Nella Chiesa cattolica ogni domenica si celebra l’Eucaristia, cui partecipa una parte non rilevante del popolo dei battezzati, nella stragrande maggioranza formata da persone anziane. In alcune chiese si trovano «messe a ogni ora» o quasi e tutte sono identiche, parte di una routine abitudinaria che si snoda nel tempo, nei mesi, negli anni, nei secoli. Eterno ritorno di un dovere da compiere, senza alcun anelito e aspettativa. Più un obbligo giuridico, da codice canonico che un’esigenza esistenziale di vita, un bisogno insopprimibile dello Spirito. «Finita la Messa», quasi un pedaggio da pagare, si ritorna agli affari della vita, come prima. Nulla è cambiato, tutto si ripete. L’Eucaristia, il «mistero» di Dio e della Chiesa, è ridotto a pratica di devozione e precetto obbligatorio. Pochi si rendono conto di cosa accade «prima, durante e dopo» l’Eucaristia. Proviamo a capire cosa dovrebbe essere per un credente.

L’Eucaristia è una convocazione dello Spirito che raduna l’Assemblea al monte della Parola (cf Is 2,1-5), simboleggiato dall’altare, a sua volta segno di Cristo risorto. La convocazione esige un’adesione, una risposta perché siamo nel contesto vocazionale: l’Eucaristia è la risposta alla chiamata, alla vocazione profetica di rispondere al Dio che convoca. Nessuno prende l’iniziativa da sé, ma, rispondendo all’anelito di Dio che ha bisogno di «vederci e sentirci», ognuno parte dalla propria diaspora, dalla propria individualità e s’incammina verso «il raduno storico ed escatologico» che si realizza attorno alla mensa imbandita, dove sono pronti la Parola, il Pane, il Vino, la Fraternità, la Profezia, la Storia. Rispondendo alla chiamata di Dio che convoca all’Eucaristia, diventiamo compimento della profezia di Ezechiele, perché a noi sono rivolte le parole del disegno di Dio:

«24Vi prenderò dalle nazioni, vi radunerò da ogni terra e vi condurrò sul vostro suolo. 25Vi aspergerò con acqua pura e sarete purificati; io vi purificherò da tutte le vostre impurità e da tutti i vostri idoli, 26vi darò un cuore nuovo, metterò dentro di voi uno spirito nuovo, toglierò da voi il cuore di pietra e vi darò un cuore di carne» (Ez 36,24-26).
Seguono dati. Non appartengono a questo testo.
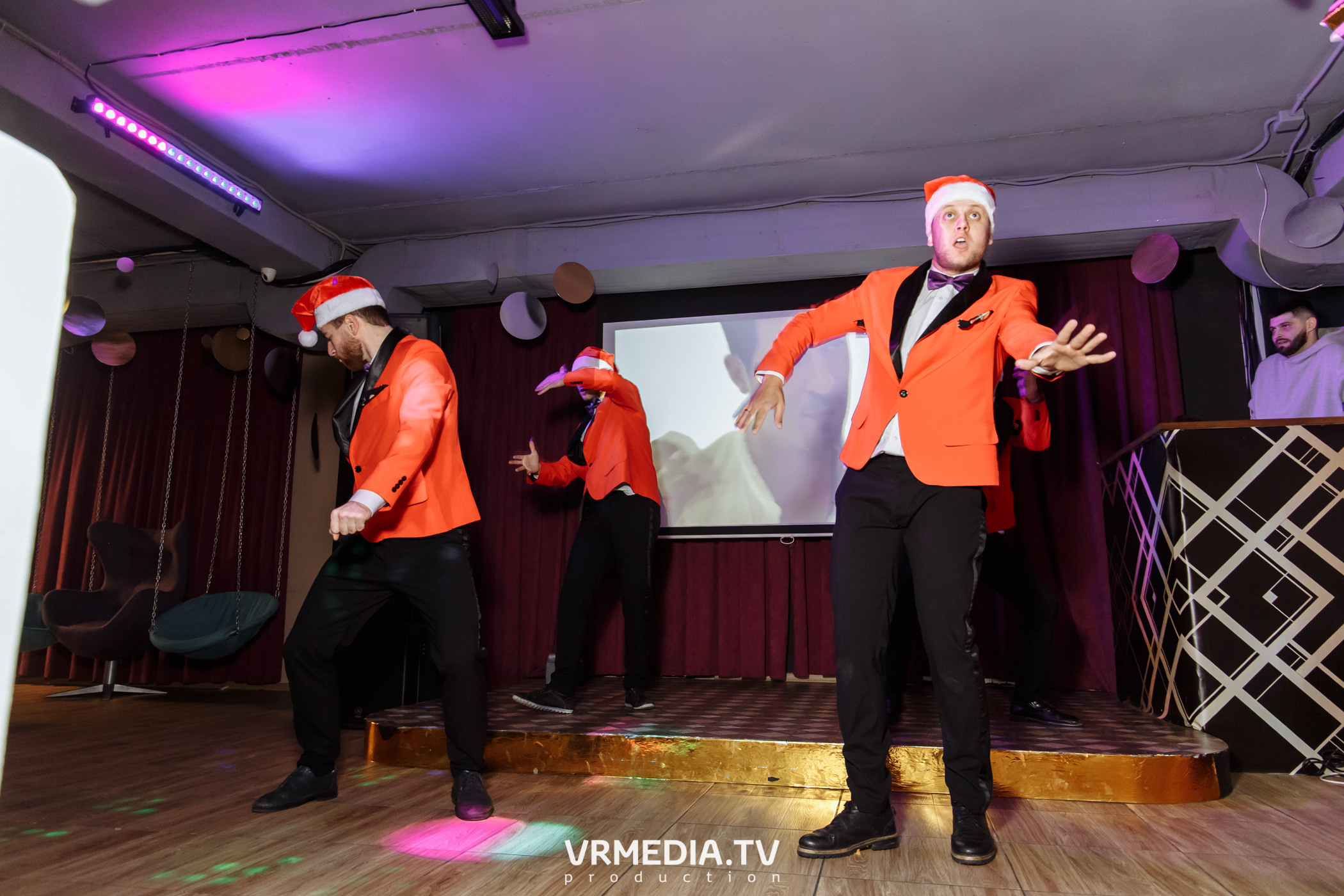 Новогодние корпоративы в караоке «Mimo Not»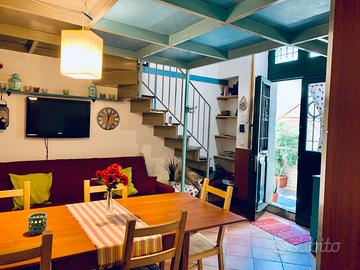 Loft zona via Umberto con piccolo spazio esterno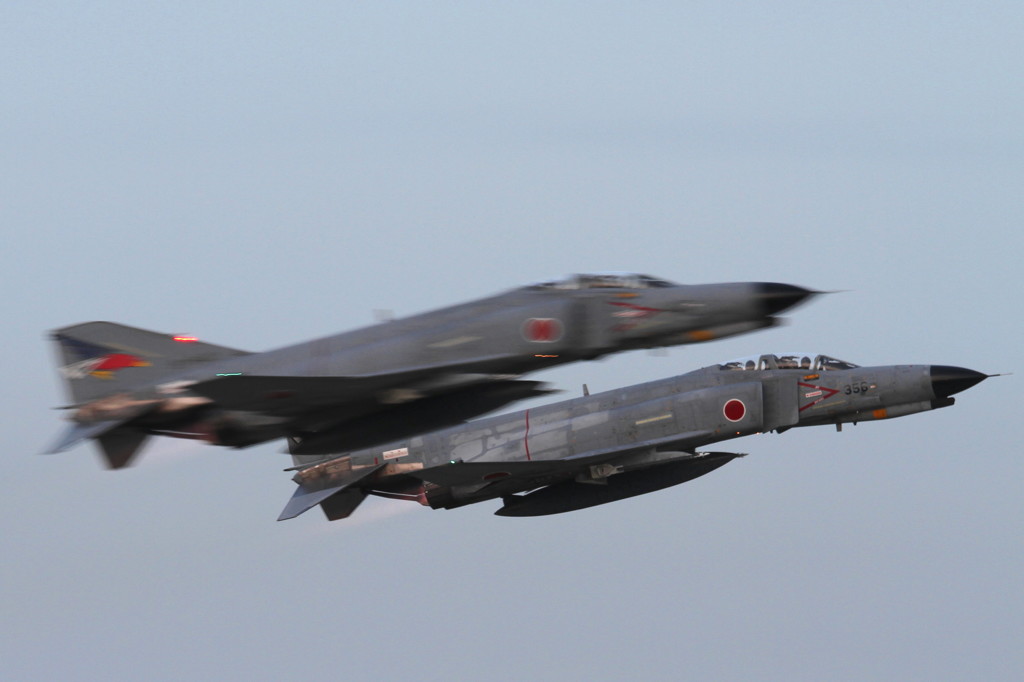 おいおい、スピード出し過ぎだぞ！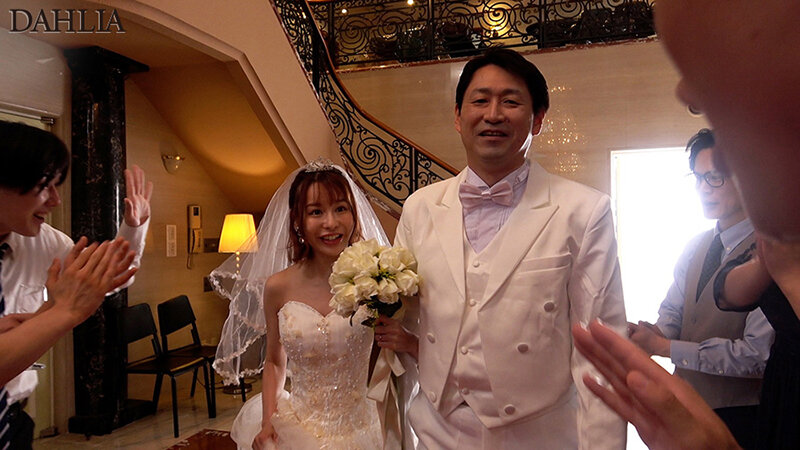 結婚式NTR 新婦が二次会のバチェラ乱交パーティーでヤラレまくっていた記録 入田真綾 画像1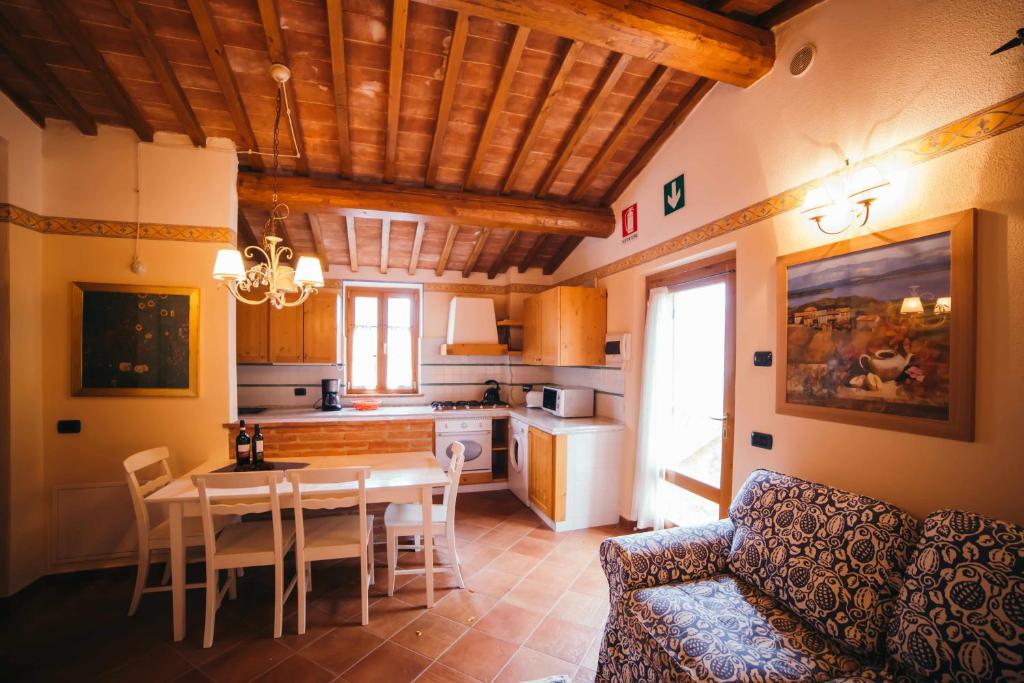 a kitchen and living room with a table and a couch at Borgo 7 TigliAppartamento a Montepulciano n5 in Montepulciano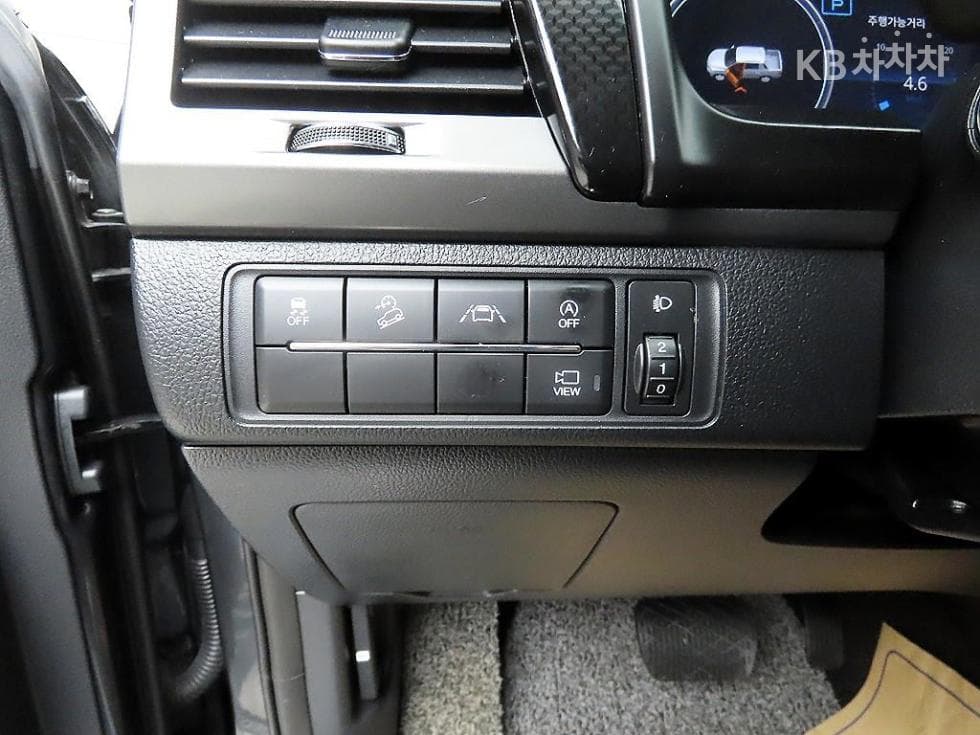 КейДжи Мобилити The New (фейслифт) Rexton 스포츠2.2 4x4 Престиж - 11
Non si partecipa all’Eucaristia per adempiere un precetto o peggio ancora «per non fare peccato», ma per essere simbolo e segno del raduno delle genti e del desiderio di Dio di santificare il suo Nome, annunziando davanti al mondo la santità di Dio, cioè la sua natura di Dio amante:

«23Santificherò il mio nome grande, profanato fra le nazioni, profanato da voi in mezzo a loro. Allora le nazioni sapranno che io sono il Signore – oracolo del Signore Dio -, quando mostrerò la mia santità in voi davanti ai loro occhi» (Ez 36,23).

Ogni credente consapevole, nel giorno del Signore, rispondendo al Dio che convoca, come Abramo, lascia la propria casa, la propria solitudine e le cose; e «parte» (Gen 12,1-4) verso il luogo del raduno, nuova terra promessa, dove si compie l’evento sponsale tra Dio/Sposo fremente di desiderio di «vedere e ascoltare» l’Assemblea/Sposa, ardente di essere amata. La Parola di Dio proclamata diventa così la Profezia rinnovata e annunziata al mondo, il Pane e il Vino diventano i segni della fragilità e della comunione, la fraternità assume la caratteristica di un «testamento» dichiarato e firmato davanti all’umanità distratta da altri interessi e nella quale siamo chiamati a ritornare per essere lievito, sale, luce, in una parola testimoni.